TASK ITEM
From the material below, please set down exactly the lines starting with the one with "Calamintha sylvatica Menthe - Wald-Bergminze" and going on through the one with "confetti on the ground", without a single picture.

DATA IN THIS EXERCISE
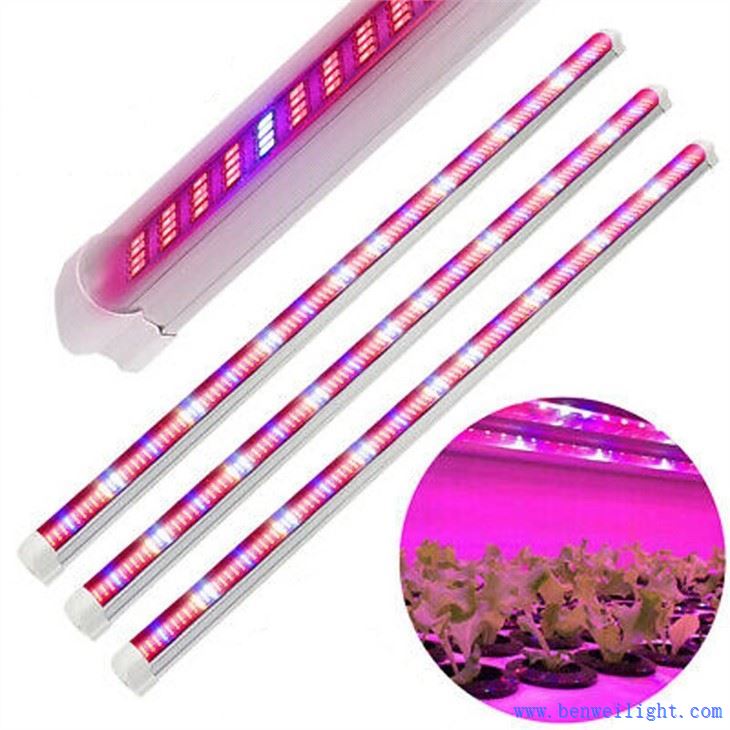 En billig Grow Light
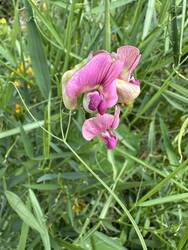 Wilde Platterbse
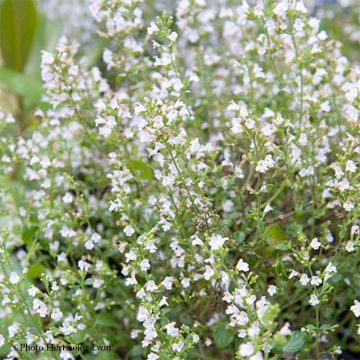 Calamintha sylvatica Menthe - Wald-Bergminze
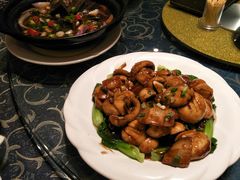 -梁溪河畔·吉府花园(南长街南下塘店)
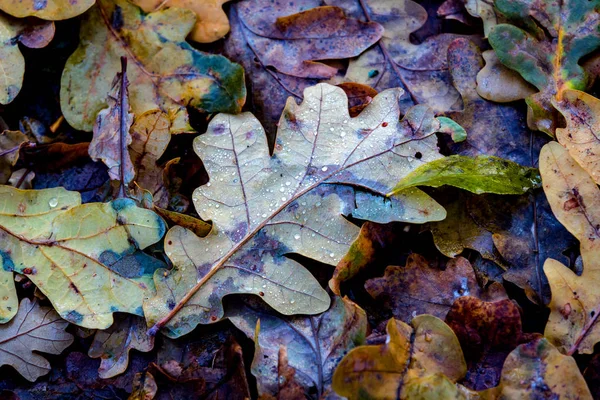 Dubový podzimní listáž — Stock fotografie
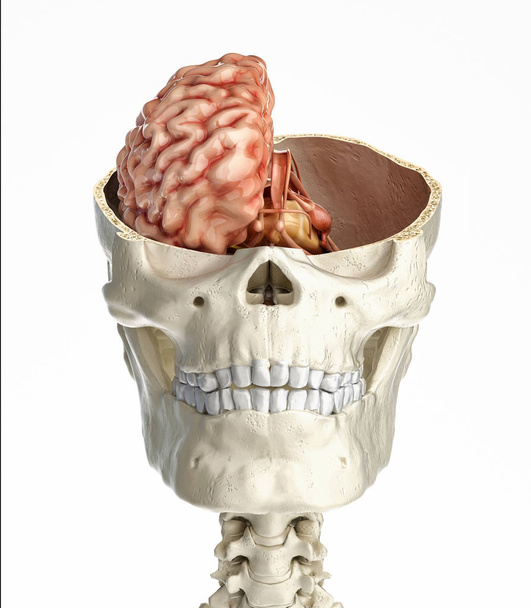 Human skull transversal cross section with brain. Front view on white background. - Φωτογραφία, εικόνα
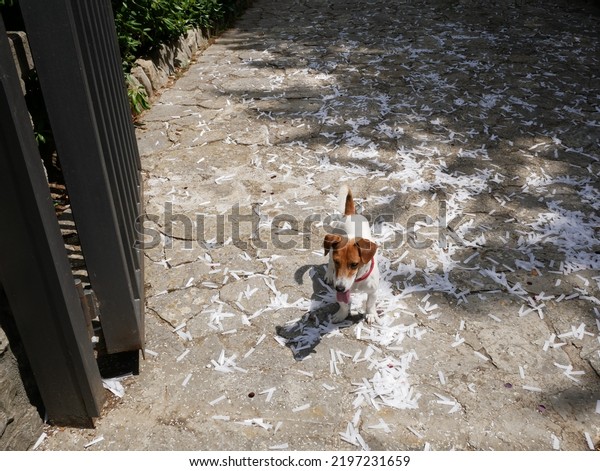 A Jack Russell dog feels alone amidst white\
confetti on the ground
--
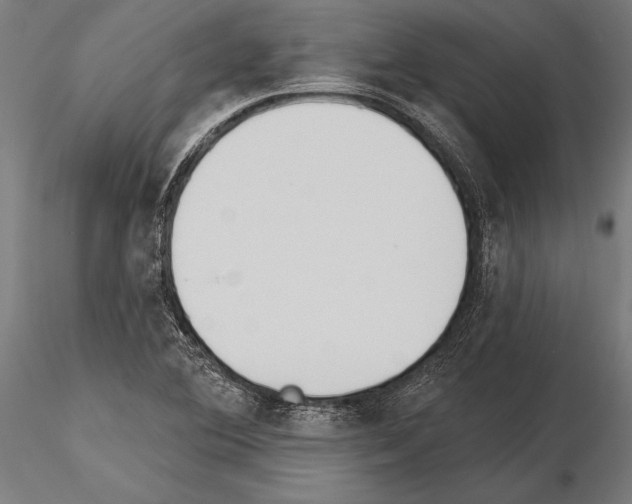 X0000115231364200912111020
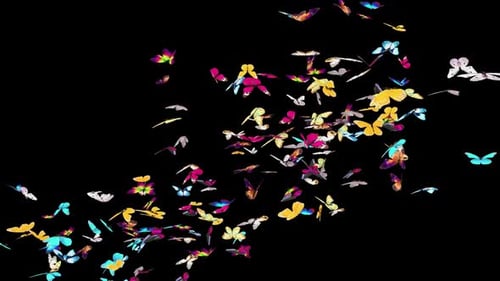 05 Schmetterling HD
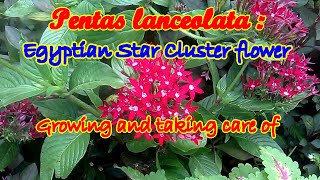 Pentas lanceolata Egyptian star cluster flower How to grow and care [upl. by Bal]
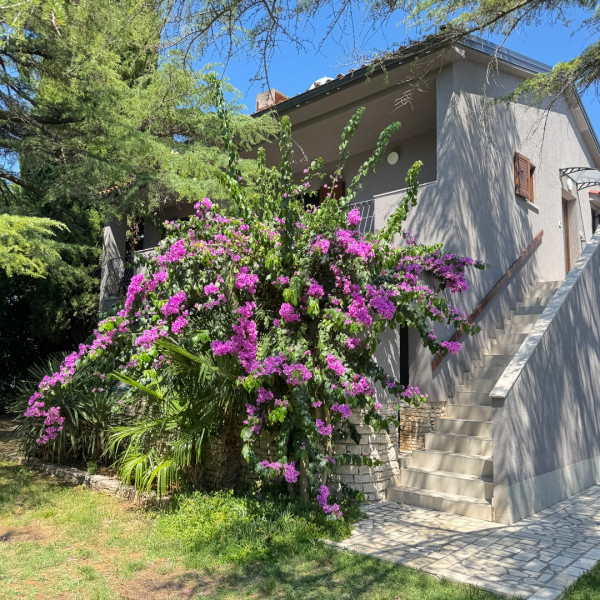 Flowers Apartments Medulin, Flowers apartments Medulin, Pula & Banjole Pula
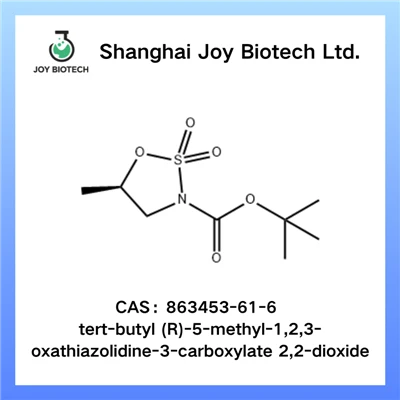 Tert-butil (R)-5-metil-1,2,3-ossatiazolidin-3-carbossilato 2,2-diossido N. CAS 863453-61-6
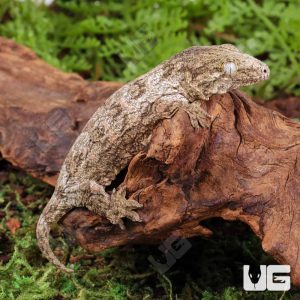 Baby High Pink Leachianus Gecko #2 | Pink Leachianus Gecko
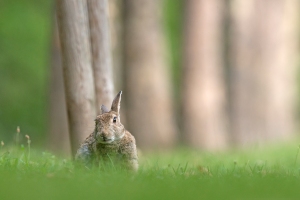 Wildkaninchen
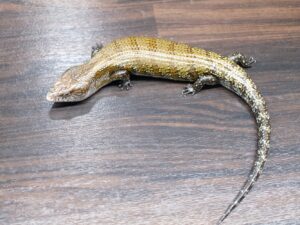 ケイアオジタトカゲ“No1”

OUTPUT BELOW
 Calamintha sylvatica Menthe - Wald-Bergminze
 -梁溪河畔·吉府花园(南长街南下塘店)
 Dubový podzimní listáž — Stock fotografie
 Human skull transversal cross section with brain. Front view on white background. - Φωτογραφία, εικόνα
 A Jack Russell dog feels alone amidst white\
confetti on the ground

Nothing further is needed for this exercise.